The Government’s decision to clamp down on ultrasound tests for pregnant women will impose a burden on poorer women and their doctors.
At present women who have an ultrasound in the first 17 weeks of pregnancy qualify for an $85 Medicare rebate on an average fee of $150. Now the Government wants to limit the rebate in the first 17 weeks to women displaying one of 30 listed conditions and cut the subsidy to $65 for these woman and for women referred after 17 weeks. Women without one of the 30 conditions in the first 17 weeks would get no subsidy.
This will reduce costs to the public purse in the short-term. But those affected will be the poor or the doctors of the poor who charge at reduced rates. It will not immediately stop those who can afford it having ultrasound. It will add to inequity in the health system.
Inequality can never be eliminated. Some people will always pay over the top for every procedure going, but are there any grounds to deliberately add inequity?
Doctors are in the invidious position of being accused of over-servicing if they routinely order scans, or being sued if they have not ordered a scan and something goes wrong. This change will not help
But is there an agenda other than cost here? The restriction on the scans in the first 17 weeks is suspicious because that is precisely the time when an abortion would still be a reasonable option in cases of fetal abnormality. Could it be that the Government is responding to religious concerns by limiting ultrasounds so as to limit the resulting abortions. If so, it will only affect those who cannot afford the scan, compounding the inequity of this measure.
Routine ultrasound in early pregnancy has several benefits. Expected birth dates are predicted more accurately. This means doctors are less likely to order drug-induced births on the ground that birth is overdue. It means mothers do not carry on in the false knowledge that birth is a week away. Risks are reduced.

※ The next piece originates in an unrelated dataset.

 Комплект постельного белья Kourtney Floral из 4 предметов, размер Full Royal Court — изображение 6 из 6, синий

Ultrasound enables earlier detection of multiple pregnancies (and better preparation) and earlier detection fetal malformation at a time when termination of pregnancy is possible.
They are costly but the costs may be justified given the long-term costs of bring up deformed babies and the costs of induction other poor outcomes from poor prediction without ultrasound.

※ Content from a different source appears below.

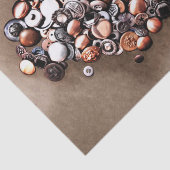 Herz Vintager Nähtasten Fotografisch Seidenpapier (Ausschnitt)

Against that is a small possibility of false negatives: where ultrasound indicates (it can never conclusively show) abnormality where there is none.
Costs are of concern, but the Government has chosen the wrong procedure in ultrasound to rein them in. Given some of the other things the Government spends money on, in this instance it would be better to err on the side of overservicing than inequitable underservicing.

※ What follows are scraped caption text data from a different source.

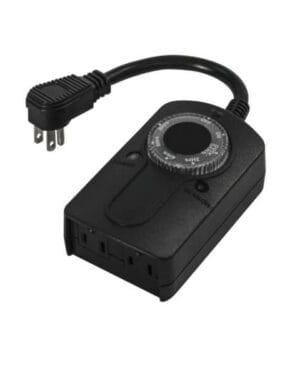TWO OUTLET MECHANICAL PHOTOCELL TIMER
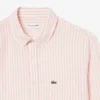Chemise en lin rayée coupe classique pour homme Chemise en lin rayée coupe classique pour homme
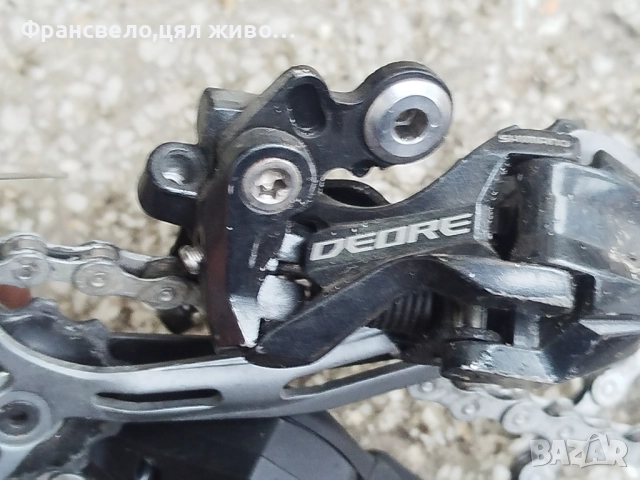 Сет 9 скорости за велосипед колело свалени от 28 цола Shimano deore , снимка 2 - Части за велосипеди - 52865684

When it comes to health, people are willing to pay more. The Medicare levy should be raised, rather than benefits cut. That the levy could be raised for Timor indicates that it was possible to raise it for health. After all that is what it is supposed to be for.
The Government is mindful that universal, subsidised medicine through Medicare is electorally very popular so it cannot dismantle Medicare and the pharmaceutical benefits scheme without the loss of many votes. But it appears to be willing to erode Medicare by stealth — by not keeping scheduled fees up with inflation, or even reducing them as in the case of ultrasound.